- _Exercise inputs_:

==========

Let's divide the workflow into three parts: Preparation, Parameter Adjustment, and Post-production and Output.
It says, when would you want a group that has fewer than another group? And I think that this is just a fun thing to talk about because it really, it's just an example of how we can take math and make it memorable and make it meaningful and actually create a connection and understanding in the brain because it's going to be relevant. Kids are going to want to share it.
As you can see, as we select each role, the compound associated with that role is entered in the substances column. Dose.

==========

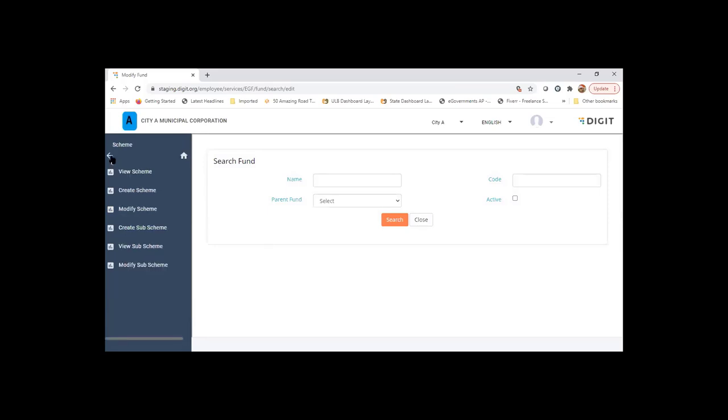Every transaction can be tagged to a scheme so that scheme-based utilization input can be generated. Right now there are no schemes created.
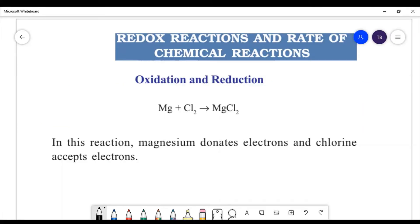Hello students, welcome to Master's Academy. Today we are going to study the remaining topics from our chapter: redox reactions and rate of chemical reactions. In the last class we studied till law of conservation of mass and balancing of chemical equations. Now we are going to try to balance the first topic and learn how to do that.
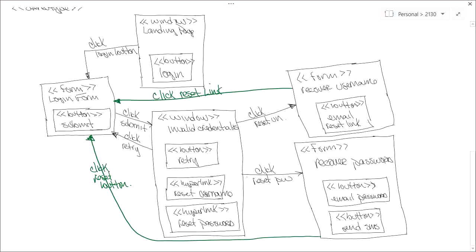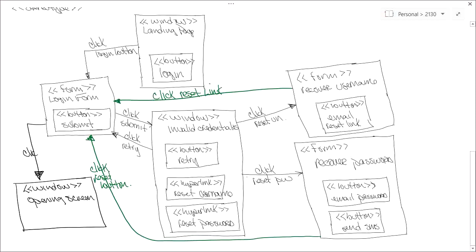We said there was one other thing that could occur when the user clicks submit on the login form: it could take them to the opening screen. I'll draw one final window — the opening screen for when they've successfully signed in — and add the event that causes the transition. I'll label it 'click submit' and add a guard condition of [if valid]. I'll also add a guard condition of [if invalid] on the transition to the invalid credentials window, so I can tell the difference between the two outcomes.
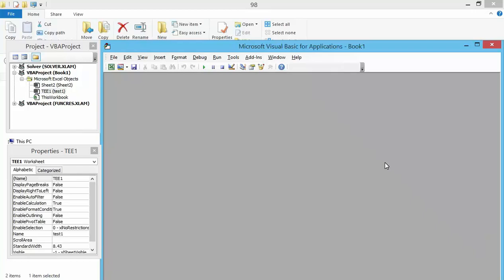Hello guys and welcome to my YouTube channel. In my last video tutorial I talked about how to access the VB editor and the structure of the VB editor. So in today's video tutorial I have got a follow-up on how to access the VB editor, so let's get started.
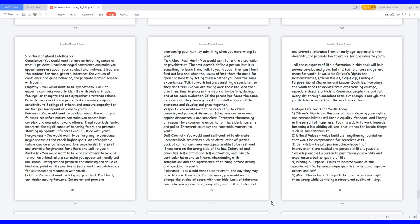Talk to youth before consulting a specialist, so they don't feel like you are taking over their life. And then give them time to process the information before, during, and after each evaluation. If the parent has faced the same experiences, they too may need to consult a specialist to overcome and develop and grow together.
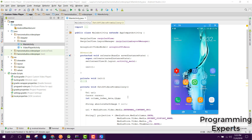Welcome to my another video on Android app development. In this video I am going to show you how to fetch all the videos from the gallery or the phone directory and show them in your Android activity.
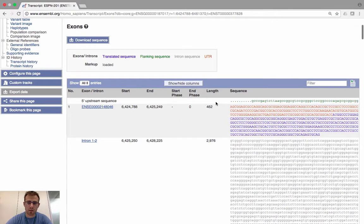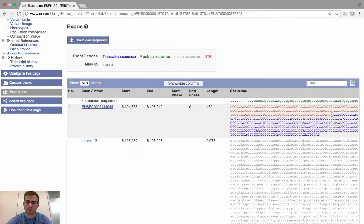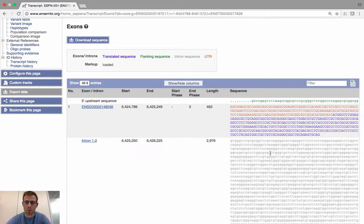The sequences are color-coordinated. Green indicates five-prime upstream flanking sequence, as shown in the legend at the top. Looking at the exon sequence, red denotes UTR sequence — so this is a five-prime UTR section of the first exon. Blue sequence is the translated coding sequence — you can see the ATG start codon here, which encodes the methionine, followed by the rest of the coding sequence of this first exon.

==========

- _What you are asked to do_:
The lines to set down run from the line with "Welcome to my another" up to and including the line with "The sequences are" in the entries above. Reproduce them exactly, with no pictures.

- _Answer box_:
Welcome to my another video on Android app development. In this video I am going to show you how to fetch all the videos from the gallery or the phone directory and show them in your Android activity.
The sequences are color-coordinated. Green indicates five-prime upstream flanking sequence, as shown in the legend at the top. Looking at the exon sequence, red denotes UTR sequence — so this is a five-prime UTR section of the first exon. Blue sequence is the translated coding sequence — you can see the ATG start codon here, which encodes the methionine, followed by the rest of the coding sequence of this first exon.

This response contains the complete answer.